**INPUT FOR THIS TASK**:
++++

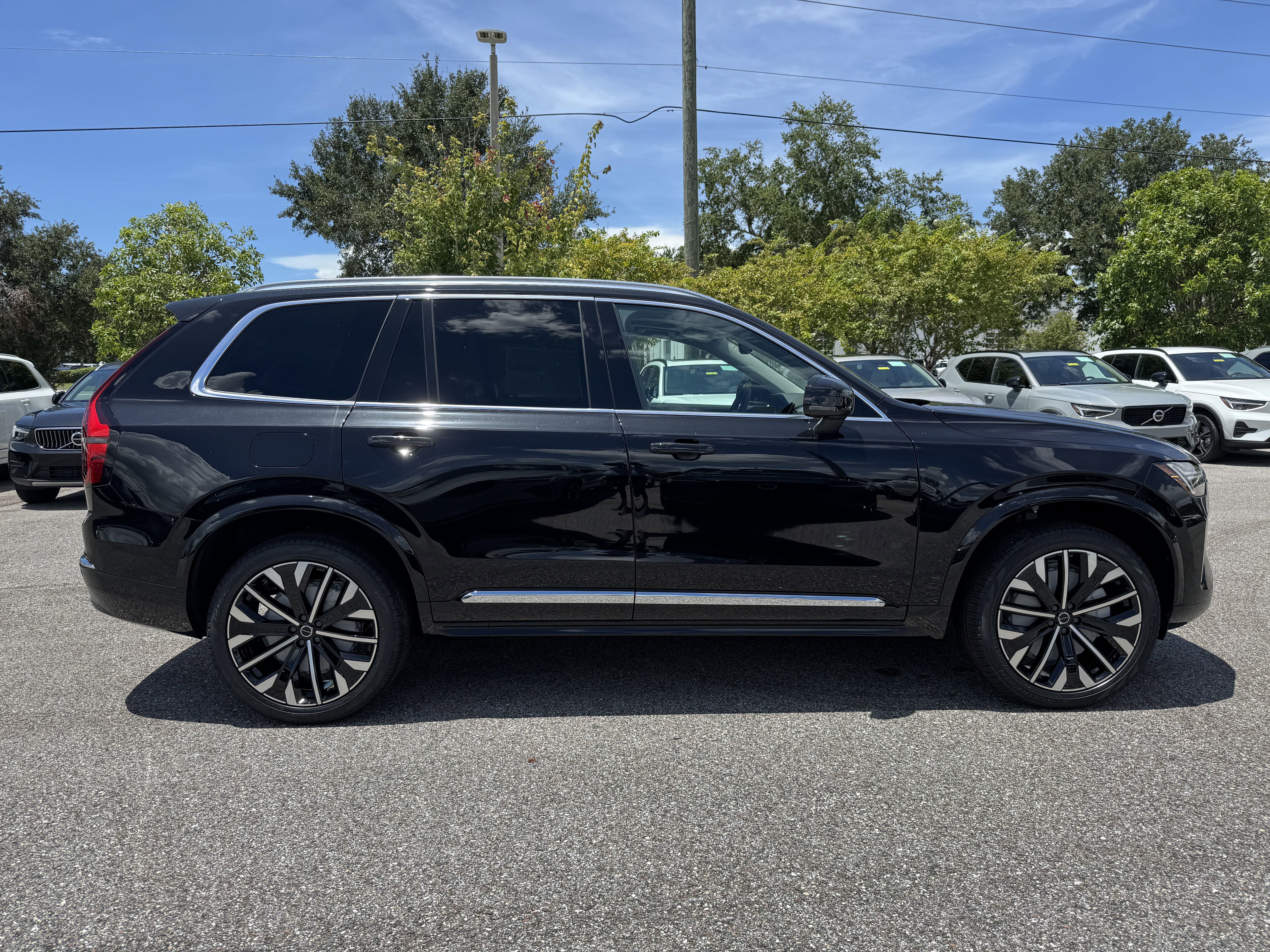 New 2026 Volvo XC90 B6 Core image 2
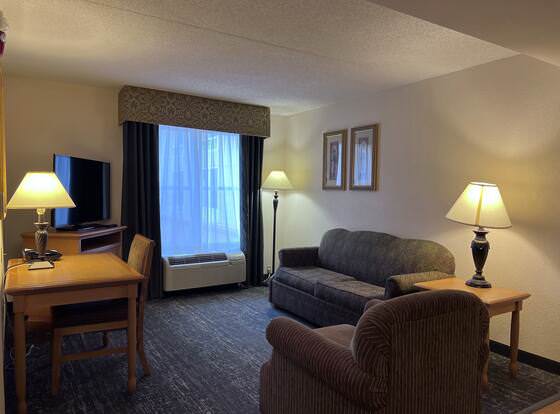Hyatt House Colorado Springs Airport allows check-in for 18 year-old guests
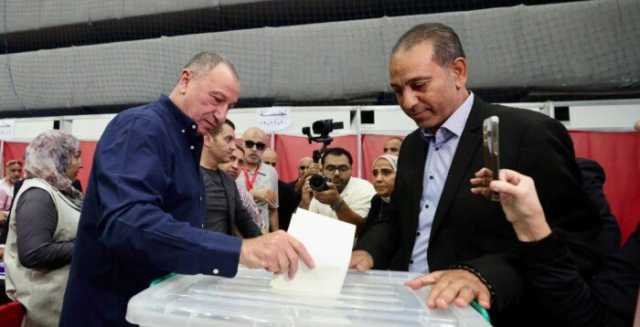 محمود الخطيب يُدلي بصوته في انتخابات الأهلي «صور»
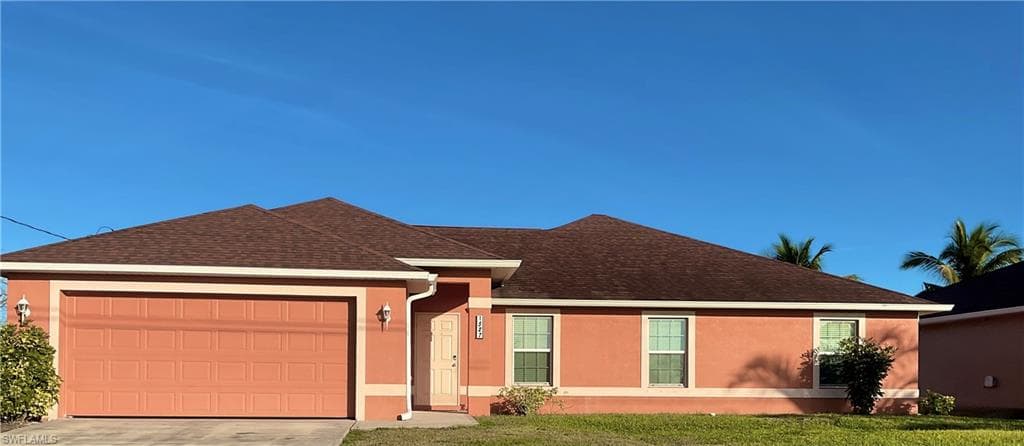 1527 NE 40th ST CAPE CORAL, FL 33909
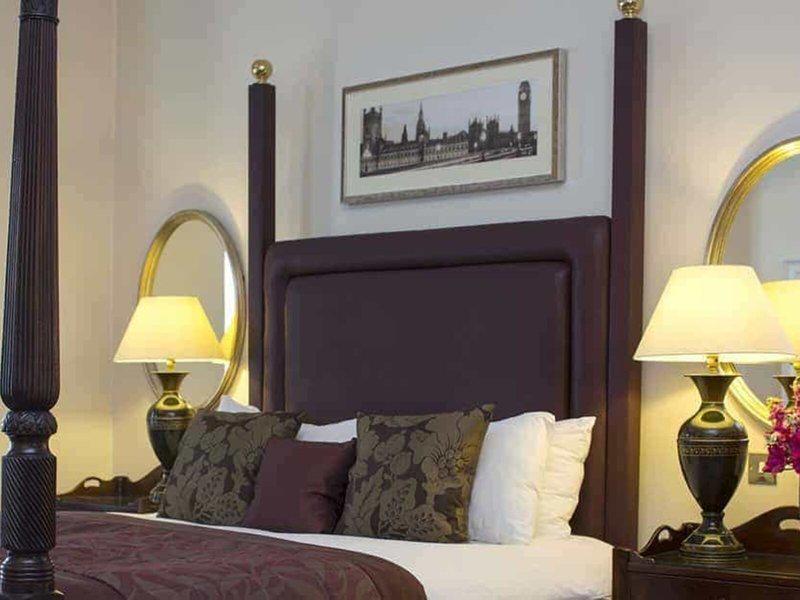 8EB5C13DC69585725EE570FE9C8A8293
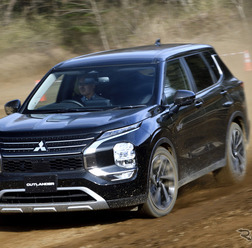三菱 アウトランダーPHEV 新型に公道＆オフロードで試乗
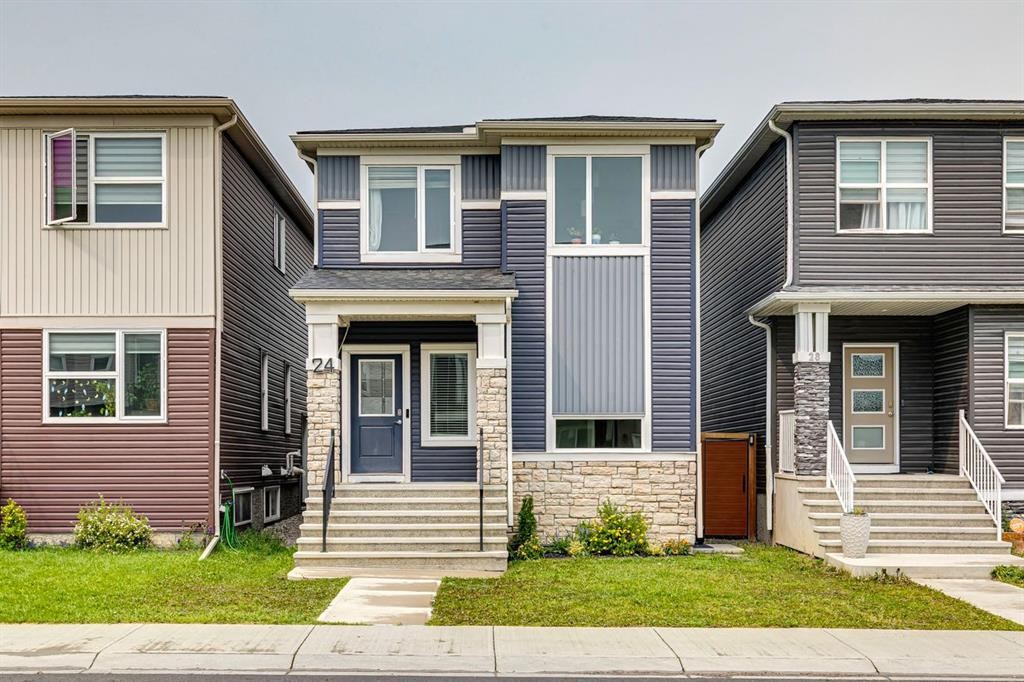 24 Corner Meadows Park Ne, Calgary, AB - Outdoor With Facade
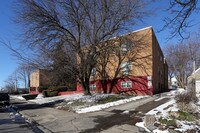 Broad Oak Apartments photo'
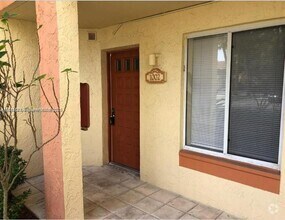 Building Photo - 1002 Coral Club Dr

++++

**WHAT IS REQUIRED**: Write out each entry word for word, images excluded.

**EXERCISE SOLUTION**:
 New 2026 Volvo XC90 B6 Core image 2
Hyatt House Colorado Springs Airport allows check-in for 18 year-old guests
 محمود الخطيب يُدلي بصوته في انتخابات الأهلي «صور»
 1527 NE 40th ST CAPE CORAL, FL 33909
 8EB5C13DC69585725EE570FE9C8A8293
三菱 アウトランダーPHEV 新型に公道＆オフロードで試乗
 24 Corner Meadows Park Ne, Calgary, AB - Outdoor With Facade
 Broad Oak Apartments photo'
 Building Photo - 1002 Coral Club Dr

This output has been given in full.